Given data:
--*--

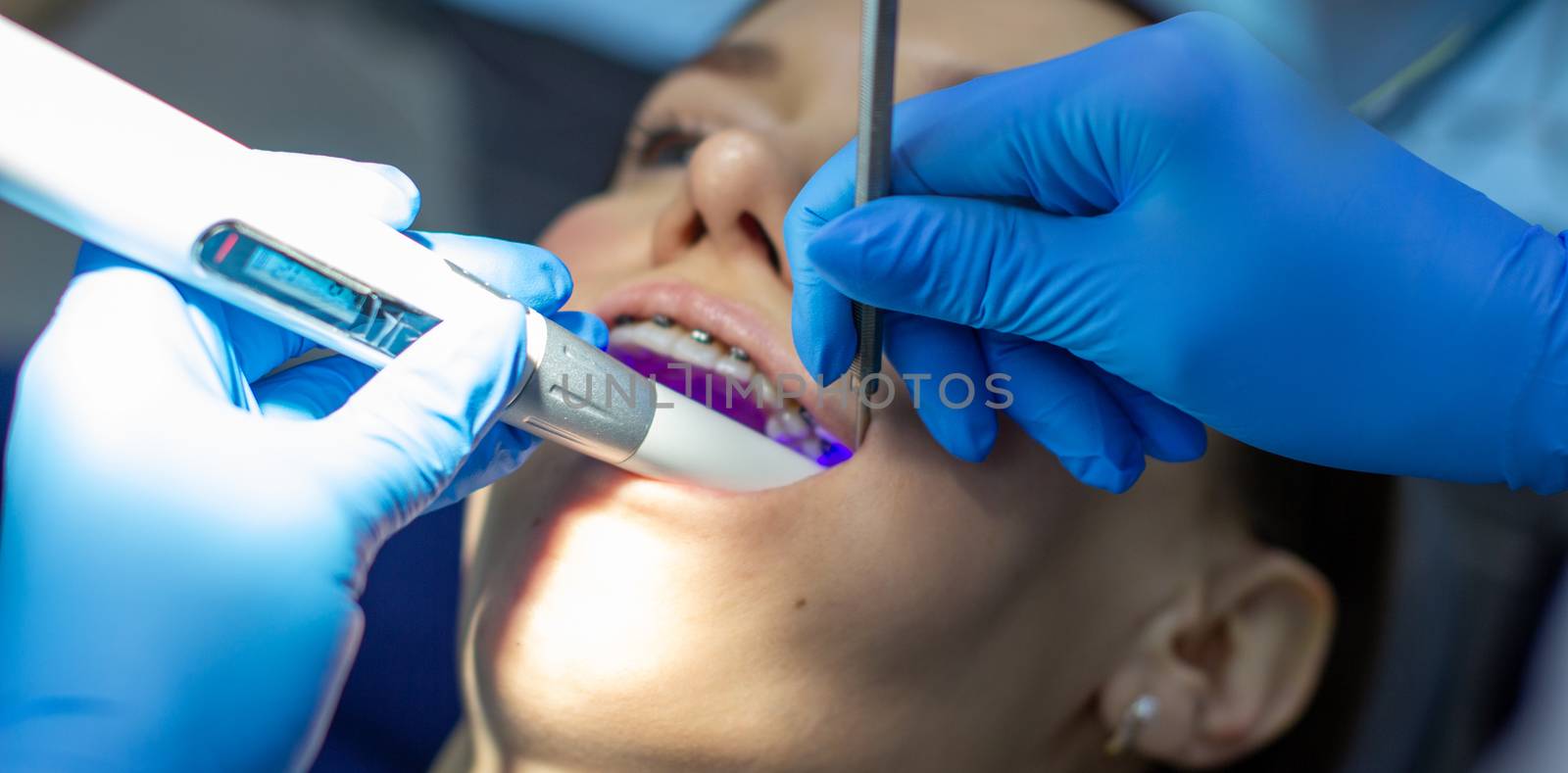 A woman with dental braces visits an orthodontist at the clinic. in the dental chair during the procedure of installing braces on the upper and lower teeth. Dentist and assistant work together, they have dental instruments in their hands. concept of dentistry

--*--

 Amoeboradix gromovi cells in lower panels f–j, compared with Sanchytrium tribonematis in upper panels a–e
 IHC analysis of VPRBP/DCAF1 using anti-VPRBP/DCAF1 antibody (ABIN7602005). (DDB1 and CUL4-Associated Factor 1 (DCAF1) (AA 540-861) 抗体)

--*--

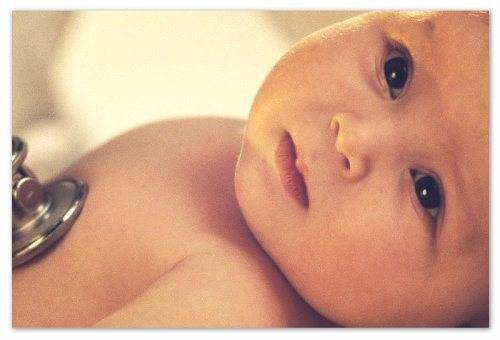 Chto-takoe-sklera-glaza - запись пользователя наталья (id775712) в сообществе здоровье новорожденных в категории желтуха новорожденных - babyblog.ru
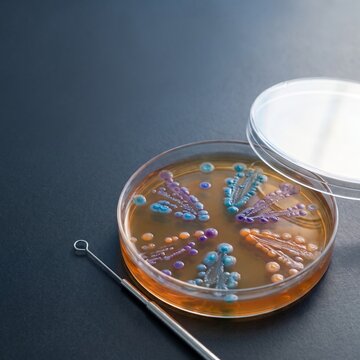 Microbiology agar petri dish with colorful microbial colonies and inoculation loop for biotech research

--*--

How to complete this task: Copy nothing but the lines above that run from the one with "Chto-takoe-sklera-glaza - запись" to the one with "Microbiology agar petri", ends included; pictures stay out.

Exercise response:
 Chto-takoe-sklera-glaza - запись пользователя наталья (id775712) в сообществе здоровье новорожденных в категории желтуха новорожденных - babyblog.ru
 Microbiology agar petri dish with colorful microbial colonies and inoculation loop for biotech research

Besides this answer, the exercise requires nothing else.